Traditional barcodes can hold up to 20 numerical digits and are one-dimensional codes. In contrast, QR codes are two-dimensional and have capacity to holds thousands of alphanumeric characters as information. So their ability to hold more information gives them an edge over barcodes.
Also, a traditional barcode can take ten times the amount of screen or print space as a QR code holding the same amount of information. QR codes can be read in 360 degrees, in any direction, which eliminates background issues.
When you scan a QR code on your camera-enabled phone, you can activate a number of phone features such as SMS, email, link to content on the internet, track the price of a product, connect the device to an internet browser, and perform many other functions.
When customers scan a QR code on their phones, they are able to access a range of information and are instantly directed to a web link or content for coupons and special offers, product information, surveys and video clips, sending or text or email messages, promotional or informational videos, checking in via location-based apps, and more.
The phone needs a QR code reader, the majority of QR code scanners are completely free, and all users need to do after they install one is use the mobile’s camera to scan the QR code, which will then automatically load the encoded data.
Once the camera processes the code, the QR code scanning software examines the black and white squares in the code’s data section and outputs the information contained within.
As an end user, you get instant access to more details about a service, product or initiative by just scanning a QR code. Most QR codes will provide a shortcut to online content that’s updated in real-time, thereby removing the need to remember long addresses. And you also get to keep a digital archive of this information and go back for referral at any time.
Speaking of real-time information, imagine waiting at a bus stop in wet weather, wondering why your bus hasn’t arrived. Is it delayed from schedule? How late will it arrive? Is your stop been cancelled for severe weather?
Germany’s Frankfurt city took advantage of QR codes to offer commuters a viable alternative to waiting in the cold. Posters offering QR codes can provide travellers real-time information about their train and bus routes.

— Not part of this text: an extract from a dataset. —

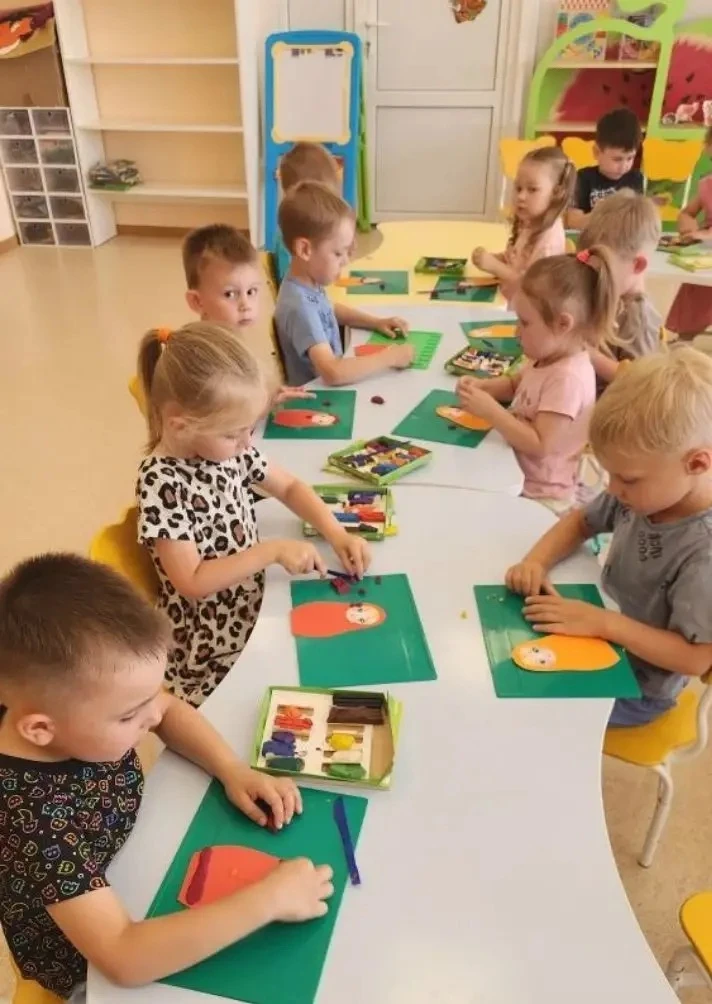 🇷🇺 ДЕНЬ РОССИИ ГЛАЗАМИ ДОШКОЛЯТ: ТВОРЧЕСТВО, ИГРЫ И ЛЮБОВЬ К РОДИНЕ! ✨🌸

С 8 по 11 июня в дошколь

As a marketer, you can provide more information to the user with QR codes and keep that information up to date. For instance, you may wish to start a campaign where you offer daily promotions depending on the number of engaged customers.
With QR codes in your print and online adverting, you can provide users with a link to a website that is updated frequently based on the number of users scanning the QR code and to the website featuring the campaign.
Marketers also get to track users and see insights the effectiveness of marketing campaigns through reviewing analytics in real time. You can measure the total number of users and analyse their behaviour at a very low cost as QR technology is free to use and can be published to any desired media.
QR code technology is proving to be a powerful tool when paired with an innovative strategy and a focus on user experience.